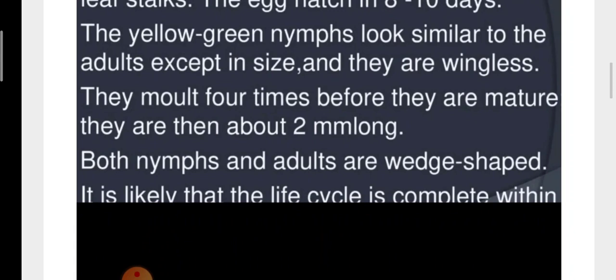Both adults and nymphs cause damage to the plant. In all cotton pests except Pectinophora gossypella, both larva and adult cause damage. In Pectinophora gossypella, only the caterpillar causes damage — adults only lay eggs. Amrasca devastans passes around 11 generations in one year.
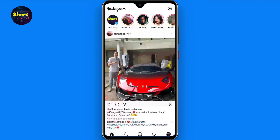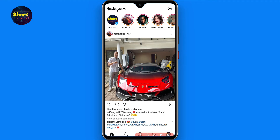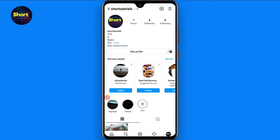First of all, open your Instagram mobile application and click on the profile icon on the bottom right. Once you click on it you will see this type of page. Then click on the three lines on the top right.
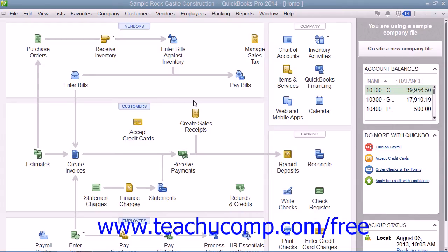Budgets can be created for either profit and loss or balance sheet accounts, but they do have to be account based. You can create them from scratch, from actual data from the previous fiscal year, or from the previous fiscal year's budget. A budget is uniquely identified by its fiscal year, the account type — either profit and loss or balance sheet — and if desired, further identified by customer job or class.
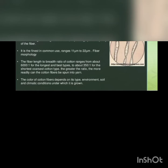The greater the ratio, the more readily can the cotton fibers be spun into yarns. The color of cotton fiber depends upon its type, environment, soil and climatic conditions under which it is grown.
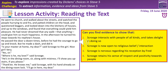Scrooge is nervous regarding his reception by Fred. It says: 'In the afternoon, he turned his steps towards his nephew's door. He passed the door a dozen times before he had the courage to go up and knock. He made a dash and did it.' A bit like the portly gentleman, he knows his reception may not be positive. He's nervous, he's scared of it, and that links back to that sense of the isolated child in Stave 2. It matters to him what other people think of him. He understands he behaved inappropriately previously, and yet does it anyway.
§
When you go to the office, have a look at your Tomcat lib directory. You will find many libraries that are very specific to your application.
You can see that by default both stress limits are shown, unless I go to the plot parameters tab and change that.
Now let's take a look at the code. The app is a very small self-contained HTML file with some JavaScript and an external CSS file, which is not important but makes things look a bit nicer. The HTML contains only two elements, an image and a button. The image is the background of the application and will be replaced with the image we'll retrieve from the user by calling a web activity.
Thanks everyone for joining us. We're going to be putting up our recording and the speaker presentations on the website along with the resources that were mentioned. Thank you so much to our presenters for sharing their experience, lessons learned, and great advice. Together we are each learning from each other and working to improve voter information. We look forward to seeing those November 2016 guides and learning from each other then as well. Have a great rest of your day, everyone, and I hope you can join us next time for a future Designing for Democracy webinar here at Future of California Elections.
§
Assigned task -> In the records above, locate every line with the string "look" and copy it.

Written solution ->
When you go to the office, have a look at your Tomcat lib directory. You will find many libraries that are very specific to your application.
Now let's take a look at the code. The app is a very small self-contained HTML file with some JavaScript and an external CSS file, which is not important but makes things look a bit nicer. The HTML contains only two elements, an image and a button. The image is the background of the application and will be replaced with the image we'll retrieve from the user by calling a web activity.
Thanks everyone for joining us. We're going to be putting up our recording and the speaker presentations on the website along with the resources that were mentioned. Thank you so much to our presenters for sharing their experience, lessons learned, and great advice. Together we are each learning from each other and working to improve voter information. We look forward to seeing those November 2016 guides and learning from each other then as well. Have a great rest of your day, everyone, and I hope you can join us next time for a future Designing for Democracy webinar here at Future of California Elections.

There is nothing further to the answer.